Last time, we covered a list of 10 common performance pitfalls that can prevent users from seeing speedup in a Cilk™ Plus program. To quickly recap, the list is repeated below:
- Parallel regions with insufficient work.
- Parallel regions with insufficient parallelism.
- Code that explicitly depends on the number of workers/cores.
- Tasks that are too fine-grained.
- Different compiler optimizations between serial and parallel versions.
- Reducer inefficiencies.
- Data races or contention from sharing.
- Parallel regions that are memory-bandwidth bound.
- Bugs in timing methodology.
- Nested calls to code parallelized using operating-system threads or OpenMP.
Part 1 discussed the first 5 items. In this article, I briefly describe the 5 remaining pitfalls on the list and some ways to avoid them.
6. Reducer inefficiencies
Reducers are a convenient construct for eliminating races on shared variables. But there are three common reducer-related performance pitfalls that one may encounter.
First, reducers can sometimes interact with compiler optimizations
in unexpected ways, as discussed in Pitfall #5 (Different compiler optimizations between
serial and parallel versions). Consider a simple parallel loop
with a nested serial loop, shown in Figure 1(a), that updates a
reducer. In an unoptimized implementation of reducers, every update
to sum
would perform a reducer
lookup — a call to the Cilk Plus runtime to find
the appropriate view of a reducer for each update. Since the inner
for
loop is serial, however, the reducer view is actually
guaranteed to remain the same through all m
iterations of
each instance of the inner loop.
// (a) Nested loops that access a reducer. cilk::reducer_opadd<int> sum(0); cilk_for (int i = 0; i < n; ++i) { for (int j = 0; j < m; ++j) { sum += (i+j); } } // (b) A manually optimized version of the loop from (a). cilk::reducer_opadd<int> sum(0); cilk_for (int i = 0; i < n; ++i) { int tmp_sum = 0; for (int j = 0; j < m; ++j) { tmp_sum += (i+j); } sum += tmp_sum; } |
Figure 1: A serial loop accessing a reducer, nested inside a parallel loop. The code in (a) shows the normal version, while (b) shows a manually optimized version that eliminates reducer lookups from the inner loop. |
For a simple code example like Figure 1(a), the compiler is
usually able to optimize by hoisting the lookup of the reducer out of
the inner serial loop, so that at most one lookup happens for each
iteration of the cilk_for
. This optimization can result
in a significant speedup compared to the unoptimized version. The
effect of this optimization may be further magnified if the compiler
manages to vectorize the inner loop.
Unfortunately, as we discussed in pitfall #5, the compiler may sometimes miss this optimization, if some code changes prevent the compiler from recognizing this pattern. In these situations, one can often get most (but not necessarily all) of the benefits of this optimization by manually transforming the loop into the code in Figure 1(b).

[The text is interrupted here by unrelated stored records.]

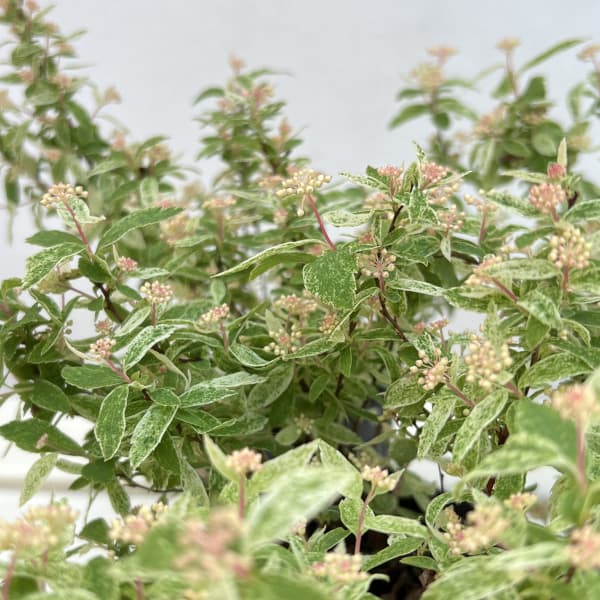 コデマリ：斑入りコデマリピンクアイス（桜でまり）3号ポット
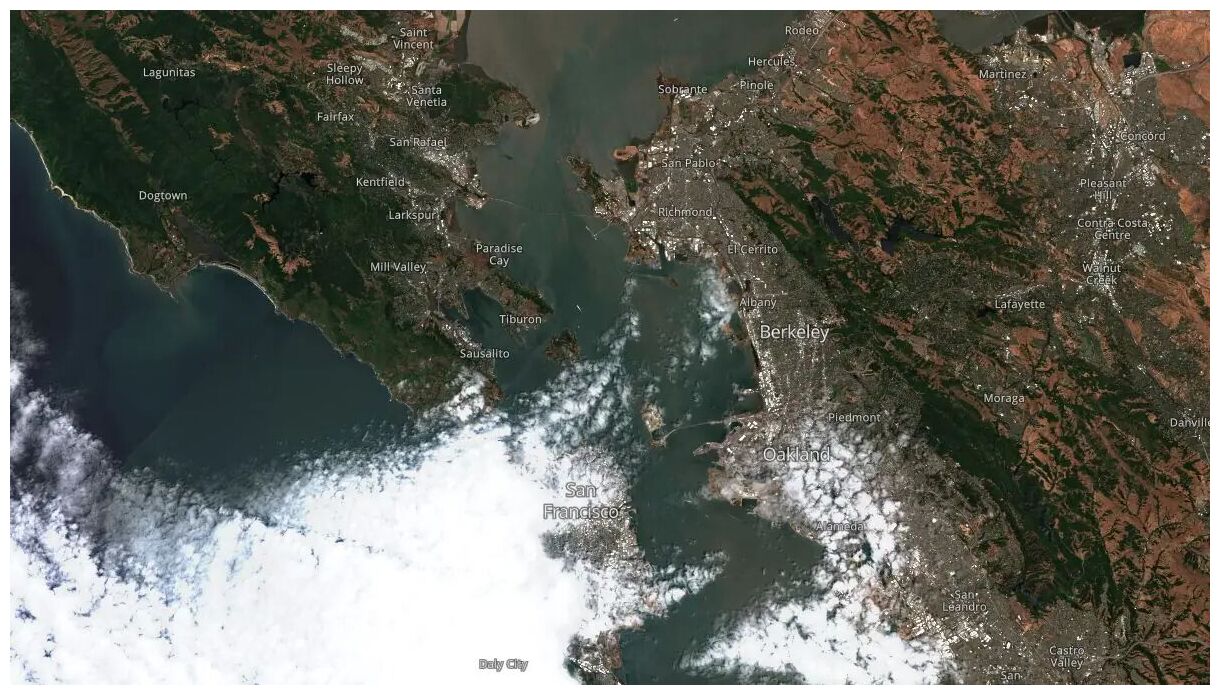 Whale mortality rises in San Francisco Bay with 22 confirmed carcasses in 2025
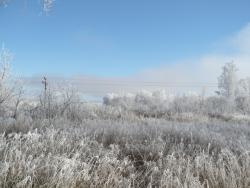 post-23116-0-13151800-1384101393_thumb.j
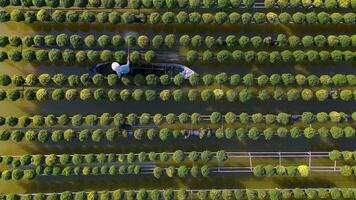 Aerial view of Sa Dec flower garden in Dong Thap province, Vietnam. It's famous in Mekong Delta, preparing transport flowers to the market for sale in Tet holiday. The gardens are tourist destination video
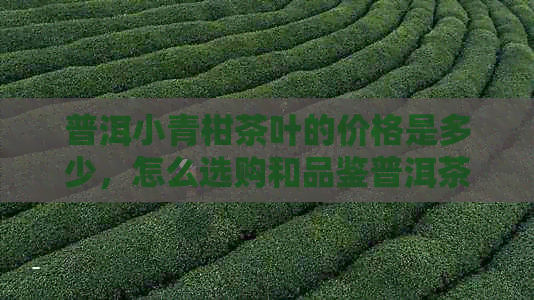 普洱小青柑茶叶的价格是多少，怎么选购和品鉴普洱茶小青柑？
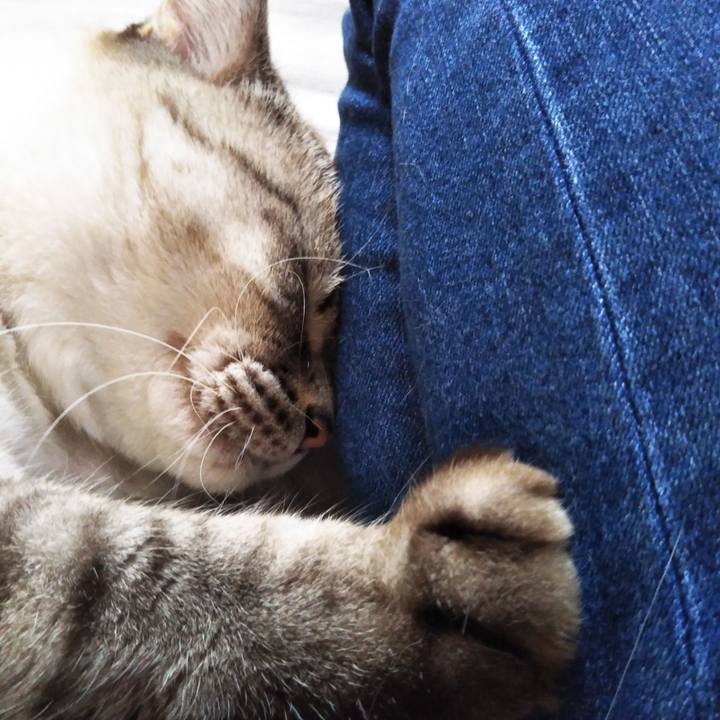 00f693d7 947e 4167 aea0 da8dbb13aab6 1564795442926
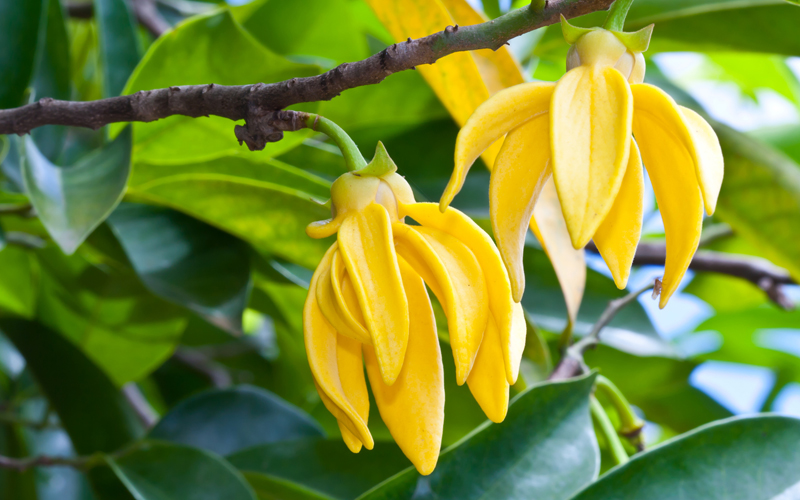 Иланг-иланг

Second, a Cilk Plus program may have performance problems if it
has a large number of reducers active at once. The Cilk Plus runtime
creates reducer maps on each worker thread,
which roughly speaking, stores the worker's current views for reducers
in a hash map. When a function invoked by a cilk_spawn
returns, or when the function reaches a cilk_sync
statement, the runtime merges reducer maps together, combining the
views stored in the maps. Each merge of a reducer map requires time
proportional to the number of reducer views stored in the map. Thus,
although having a program with tens of different reducers is usually
ok, having programs with hundreds or thousands of different reducers
active at once is unlikely to perform as well, since the runtime
incurs significant overhead to merge reducers.
If a parallel computation densely accesses a large set of reducers, it may be better to combine these reducers together into a single custom reducer. If a computation always accesses a group of reducers together, then combining them reducers overhead. Note however, that the runtime initializes reducer views lazily, so a reducer that is never accessed in a parallel subcomputation does not generate any views to merge from that subcomputation. Thus, in other cases, combining unrelated reducers from otherwise disjoint computations could actually hurt performance.
Finally, a Cilk Plus program may have some scalability issues if
it uses custom reducers with expensive (i.e., non-constant-time)
reduce
operations. In general, the overhead of
reductions generally increases as the number of workers threads
increases, since more workers means more successful steals, and each
successful steal may create more reducer views that need to be merged.
When the reduce
function of a custom reducer is
expensive, and the number of workers is large (e.g., on an Intel Xeon
Phi coprocessor), the work required to execute reductions may become
significant. This problem does not arise too often in practice, but
it is an issue to keep in mind when using an expensive custom reducer.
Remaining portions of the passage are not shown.